PREACHING FROM THE
GOSPELS AND ACTS
Bidding farewell to worshippers as they dispersed for another week, the pastor
returned to her study, closed the door, opened her mind, and heard that it was
said: Blessed are you who yoke research
with prayer, to harness your sermon’s preparation and delivery. Be it
resolved in this 21st century of Christian scholarship that lip-service to
study or piety will no longer wash. Without disciplined thinking, honed by
research, faith turns inert. Without depth of conviction, cultivated by prayer,
theology has nothing to consider and no reason to speak. Neither sterility nor
stupidity serves the church. The dual responsibility of scholarship and
devotion is not merely a good idea; it bespeaks our creation in the image of an
all-encompassing God and fulfills our Lord’s command. “Hear, Israel, the Lord our God, the Lord is one; and you shall love the Lord your God with all your heart, and
with all your soul, and with all your mind, and with
all your strength” (Mark 12:29-30; Deut 6:4-5).

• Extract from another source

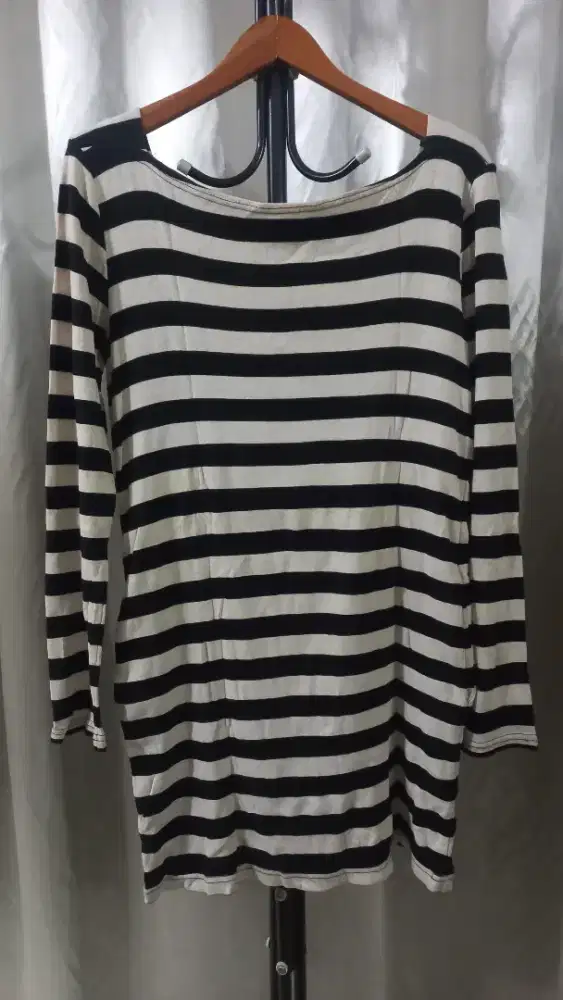 Baju atasan Ladies bahan kaos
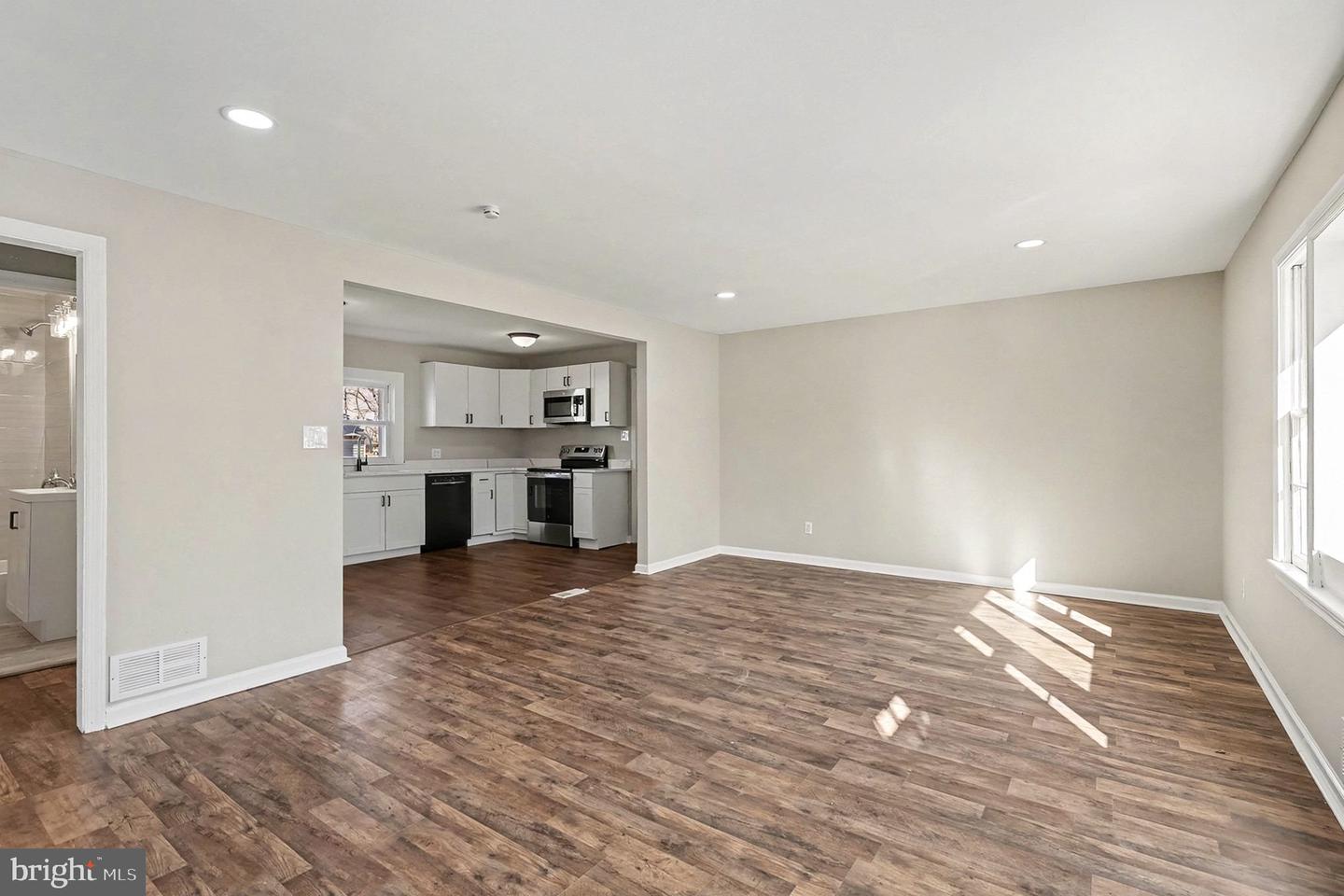 187 BROOKS DR, COLONIAL BEACH, Virginia 22443, 2 Bedrooms Bedrooms, ,1 BathroomBathrooms,Residential,For sale,187 BROOKS DR,VAWE2010374 MLS # VAWE2010374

Blessed are you who honor Abraham and
Sarah and all your forebears in Israel. This, too, is a practical
application of Torah, specifically the fifth commandment (Exod
20:12; Deut 5:16)—which has too rarely been observed in Christian pulpits. Even
after the terrors visited by Christians upon Jews in the Shoah,
anti-Judaism, whether malicious or thoughtless, still profanes Christian
sanctuaries and mocks Israel’s God. That is a sin of which we repent. The
confession of Jesus as Messiah of Israel and the nations is not inherently
anti-Semitic. Rather, it recognizes the Gospel’s scandalous particularity: in
the fullness of time, God sent forth his Son, born of a woman, born under the
law (Gal 4:4). Nowhere in any of the Gospels or in Acts is Israel repudiated as Israel. Quite the opposite: Jesus
Christ is the son of Abraham (Matt 1:1), heir to David’s throne, and forever
sovereign over all the house of Israel (Luke 1:32-33; Acts 2:36). Even in the
Fourth Gospel, whose antagonists are stereotyped as “the Jews” (John 7:1;
18:36), Jesus’ Jewish identity persists (4:9), some Jews believe in him (8:31),
and Jesus himself attests that “salvation is from the Jews” (4:22). To divorce
Jesus from Judaism or to deny our own adoption by God as children of Abraham is
to commit the arrogance of a wild olive shoot: boasting over broken branches,
pretending to support ourselves instead of acknowledging our dependence on
Israel’s adoption, glory, covenants, and promises (Rom 9:4-5; 11:17-24). Paul’s
warning stands: “Get off your high horse, and be afraid!”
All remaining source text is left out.